Abstract

Through-Tubing Rotary Drilling (TTRD) is a slim-hole sidetracking technique successfully employed from North Sea platforms to economically access marginal targets in mature fields from existing wellbores. TTRD typically uses 2–7/8" standard production tubing with high-torque threaded connections, run from the standard platform drilling rig, to drill-out through the existing completion via whipstock.

TTRD sidetracks in the North Sea have been less than 3500 feet in length, and completed with 2–7/8" or 3–1/2" flush-jointed liners. As a contingency, the 2–7/8" drillstring can be cemented in place as a liner.

Since

  1. TTRD does not require the mobilization of specialized equipment, and

  2. the drillstring may be rotated to reduce differential sticking and improve cuttings returns, and

  3. the drillstring will tolerate high overpulls, TTRD has proven consistently more economical than Coiled Tubing Drilling (CTD) in similar applications.

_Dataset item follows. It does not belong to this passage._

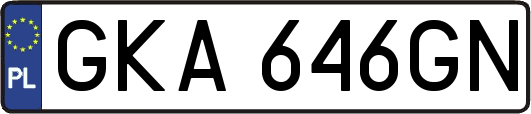 GKA646GN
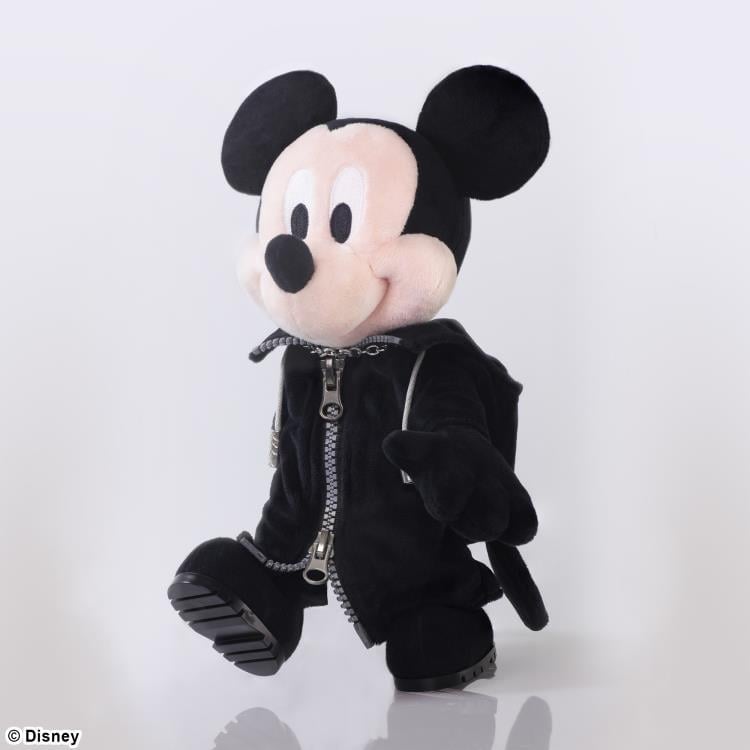 Kingdom Hearts King Mickey Action Doll Gallery Image 6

The objective of this paper is to review and discuss string design and applications issues for Through-Tubing Rotary Drilling. Topics will include:

  • Drill-Floor Handling Issues

  • Drilling Torque and Over-Torque

  • Downhole OD Wear of Tubing Upsets

  • Fluid Dynamics, especially Equivalent Circulating Density (ECD) Issues

  • Hole Cleaning

  • Fatigue Life Estimation

  • Repeated Make & Breaks with Production Tubing

  • Subsequent Use of the Drill String as Production Tubing

  • Cementing and Completions

Overview of Through-Tubing Drilling (TRD)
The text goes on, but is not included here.